What helped Uber Eats' cause was working on the discounting. The platform began with offering delivery at Re 1. “Others’ loyalty programmes started much later. If the programmes were introduced before Uber Eats entered India, it might have found it a little more difficult,” he explains.
Something that helped Uber to a great extent was its understanding of the areas of logistics, traffic situations and how operations are run. “They leveraged Uber itself; a link on the platform took you to the Uber Eats app and it just needed a simple authentication. Apart from that, all the information was in place,” Rohan says.
The numbers game
Uber Eats’ competitors are strong and well-funded: while new unicorns Swiggy and Zomato have the backing of DST Global and Alibaba-owned Ant Financials respectively, Ola-owned FoodPanda can dip into Softbank’s pockets.
FoodPanda has a base of 150 million consumers, completes 3,00,000 orders a day, and is set to hire over 60,000 delivery partners over the next few months. It is also offering deep discounts like 'Biryani at Rs 79' and some snacks at Rs 19. Swiggy reportedly completes more than four million orders a month, and as of June last year, the number was over 14 million. Zomato has reportedly done over 16.5 million orders this year.
Uber refused to share order-specific numbers in India. Globally, according to The Information, Uber Eats was generating about $3 million worth of orders in a week this year.
Most food-delivery businesses hold a margin of 15-30 percent, and Uber Eats reportedly has a margin of 25-30 percent. Today, the overall food tech market in India is believed to touch $2.5 billion by 2021, as against its current $700 million, predicts RedSeer.

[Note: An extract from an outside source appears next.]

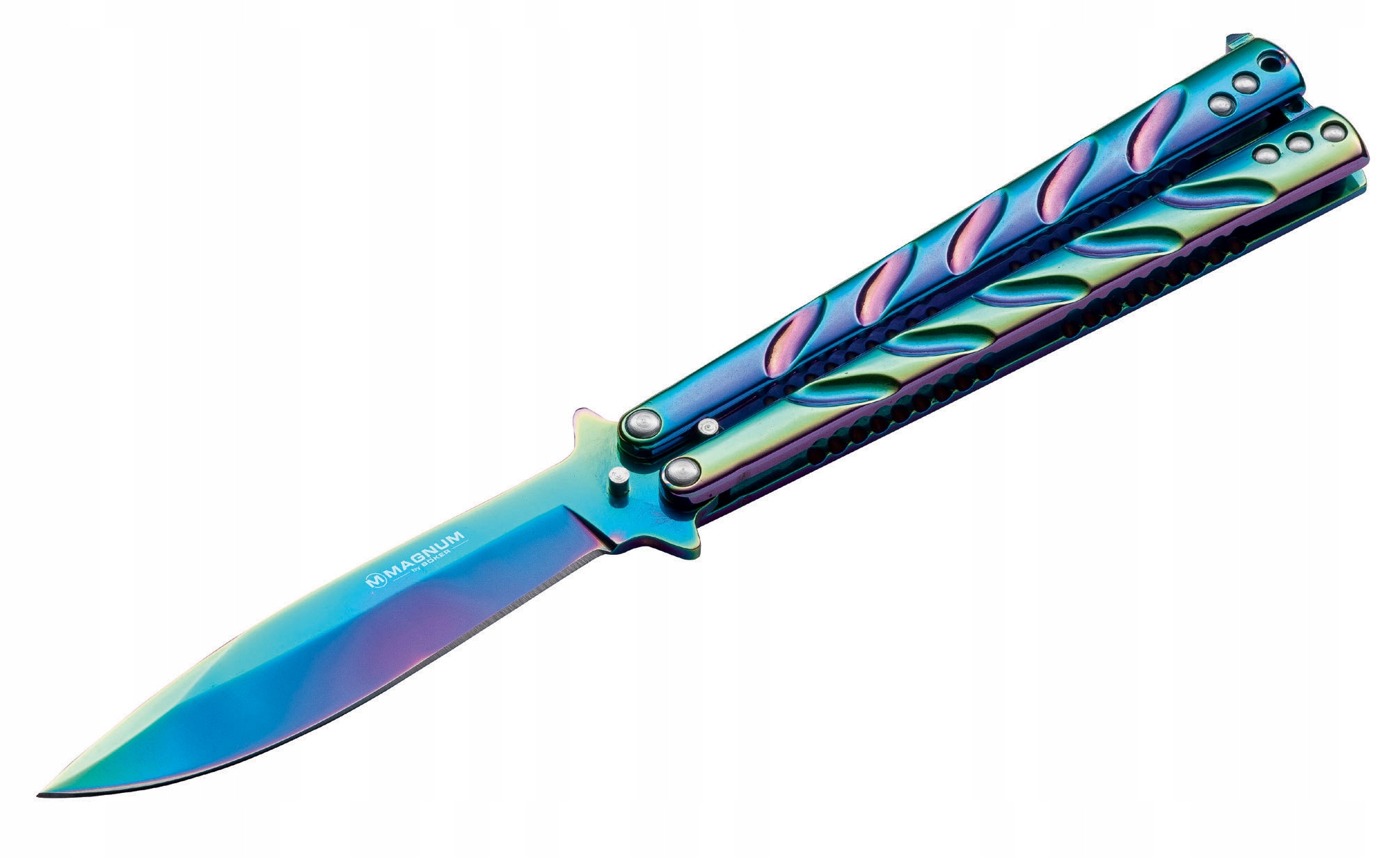 Nóż motylkowy Böker Magnum Balisong Rainbow 06EX401 440A 102 mm 155 g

The leverage of data and numbers
Apart from discounts, which, according to Satish Meena, Senior Analyst at Forrester, Uber didn’t do much of, what it made use of is its mobility platform, and deep pockets.

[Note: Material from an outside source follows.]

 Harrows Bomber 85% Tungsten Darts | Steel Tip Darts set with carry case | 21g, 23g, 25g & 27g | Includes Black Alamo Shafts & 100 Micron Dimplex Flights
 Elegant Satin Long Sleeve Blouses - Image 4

“Uber knows that it doesn’t have the leverage in terms of numbers and size; what it has to its advantage is technology, and is working with that. Uber is looking at the India market from a long-term perspective. They are waiting, and have the capital to wait to put in the right technology to get their delivery models right.”
He adds that the battle is between Uber Eats and FoodPanda--which hold 10-15 percent of the market today--rather than with Swiggy and Zomato, to showcase their mettle to common investor Softbank.
“They are going slow, and waiting for the next five years to build their next technology push, more than adding delivery partners,” says Satish. To that end, Uber is looking to soon use drones for food delivery under its ambitious Uber Elevate and Air programme.
The team adds that it uses the added advantage of technology from its ride-hailing businesses with a twist of localisation, looking at it from a search-and-recommendation technology and machine learning perspective.
The selection and ranking of restaurants are based on user behaviour. For example, if you often order a certain kind of food, not only do you get similar recommendations thrown up, but also more such restaurants and areas close by. “Today, the foodtech industry in itself is growing exponentially. It means that many more users who had never tried online food delivery before are getting into the space,” explains Bhavik.
What has worked for homegrown players is that they have had the time to bring in a sense of consistency into the business. Will Uber Eats be able to bring in that growth and consistency at the same time? Again, only time can tell.